This report is not only possible hearsay, but totally unacceptable. I doubt very much if it was one of the surviving officers. It may even be fiction. Such a quote is far too important to be left out of the proceeds of the Court of Inquiry.
We all know that Harness virtually conducted and controlled the proceedings alone.He eliminated many repords from being recorded on the grounds that they were duplicated. Harness was not in the business of being perceived to delay the report, hence the brevity of the time taken to conclude the Inquiry.
The fact remains that anyone who overheard Pulleine instructing Melvil to save the Colour was in receipt of vital evidence not to be brushed to one side or indeed, not worthy of recording. And what about the 2/24th Colours? Would not a similar instruction have been given to a 2/24th officer? Where were the colours? In the case of the 1/24th, probably in the Guard Tent located immediately in front of Black's Koppie. In the case of the 2/24th, in their Guard Tent at the rear, i.e. some two hundred yards or so in front of Chelmsford's HQ tents.
So Melvill had to move from the centre of the battle across to the 1/24th's Guard Tent to rertieve the Colour. He, in all probability, did so on his own initiative.
The report from the " Gentleman whose testimony" --- would have been read by many, yet no at the time cared to pursue the issue? I submit that no cogniscence or weight can be placed on this amorphous evidence. An anonymous letter written by someone who has not the guts to sign his name is simply not historically acceptable as evidence. Rest assured that had any survivor been privy to such a conversation, it would have been the headlines of the day.
Hence, in my view, there being absolutely no primary or secondry evidence to support such an instruction being issued to Melvill, the theory should, like many others on Isandlwana, be religated to the realms of fiction.
9th May 2005Mike Snook
Peter,

I accept your comments on the testimony that 'may be relied upon', but as a former officer I ask you this - how do you separate a Commanding Officer from his principal staff offcier in a dire crisis? You have only two choices - either the Adjutant ran away or the CO sent him away. I believe that there is a case to be made on the back of a primary source that he was sent away with the Colours. But it isn't there in black and white; you have to read between the lines. More in September - but in the meantime I beg you don't pitch your tents alongside the other knockers. You are too good a historian to keep company with them.

Regards as ever

Mike
9th May 2005Peter Ewart
Mike/Peter

This little paragraph in the newspaper has always fascinated me. (In the Kaffrarian Watchman originally, if I recall).

My first guess was very strongly that it was a "plant." Simply inserted to put an appropriate gloss on matters. Not in a cynical, modern way but more in the accepted(?) way of the time. "Perhaps it happened like this. If it didn't, then it should have done - probably did. And jolly good thing, too. We'll leave it unattributed."

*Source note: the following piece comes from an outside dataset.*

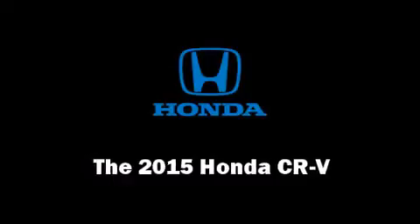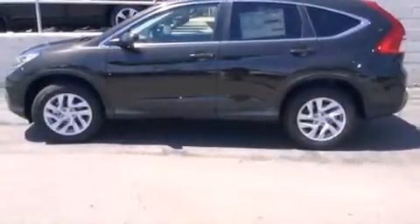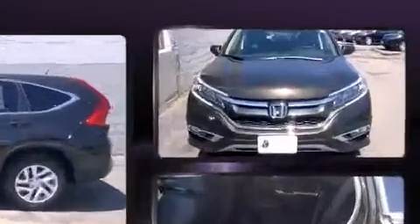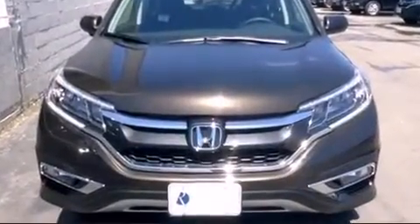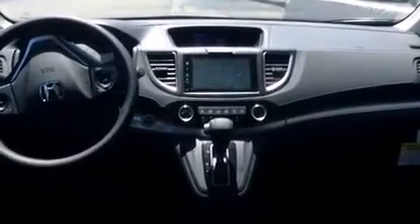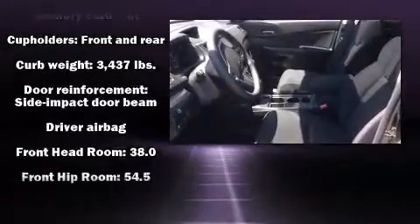Take command of the road in the 2015 Honda CR-V. Smooth gear shifts are achieved thanks to the 2.4-liter four-cylinder engine, and for added security, dynamic stability control supplements the drivetrain. Top features include heated front seats, a tachometer, a trip computer, an outside temperature display, and remote keyless entry.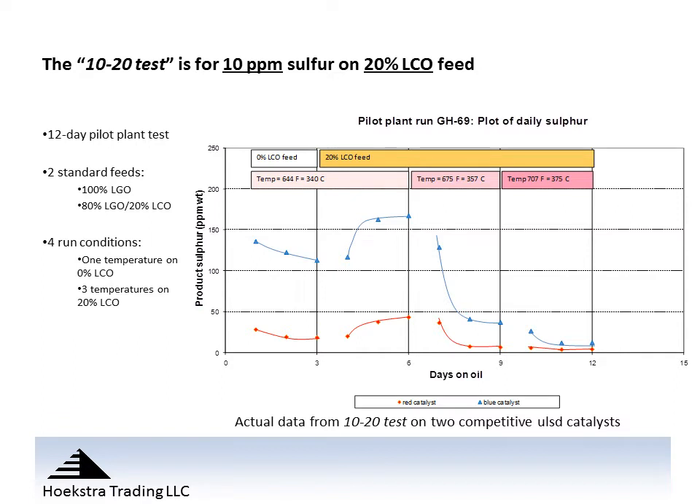Here we're showing some data from the test. The chart is product sulfur versus days on oil for the 12-day test. There are two curves. The red curve is for our benchmark catalyst, which is Albemarle's KF767, and the blue curve is a low activity catalyst that has an activity typical of end of cycle conditions for a diesel hydrotreater.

On the other hand, I now think it can't be dismissed for simply being unattributed. The usual discipline of enquiring rigorously whether a source is primary or secondary comes completely unstuck when researching in newspapers, and never is this more clear than when going through the reports and comment during the months after Isandlwana. Quite apart from reports being mixed with comment and letters from the theatre of war being mixed with extracts from reports from other papers, often condensed by precis and frequently ignoring inverted commas, the one "rule" which is constant is that MANY of the reports and stories are deliberately unattributed - and yet emphasised as highly reliable. The fact that the Pulleine/Melvill conversation was reported but unattributed was not unusual but was the norm - so we should rely on it no more or no less than many of the other accounts which are relied upon but which are unattributed. It could be a faithfully reported conversation which was published after following the custom of non-attribution.

And yet - there is that nagging feeling that the reported conversation is just rather too perfect.

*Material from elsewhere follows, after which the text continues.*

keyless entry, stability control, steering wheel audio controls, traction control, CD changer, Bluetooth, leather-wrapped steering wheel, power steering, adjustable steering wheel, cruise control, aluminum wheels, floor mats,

Perhaps (surely just as likely?) the conversation was heard but the report (whether by the hearer or by the paper) was embellished? Even if not deliberately embellished, it can hardly, in the circumsances, have been recorded correctly word for word.

I've always thought the argument over the reliability of this source hinges on:

(a) the likely military procedure in the circumstances - which you both discuss above but on which I'm not qualified to comment.

(b) the common procedure of newspapers of the time in publishing unattributed quotes, and whether the Watchman was simply following this procedure.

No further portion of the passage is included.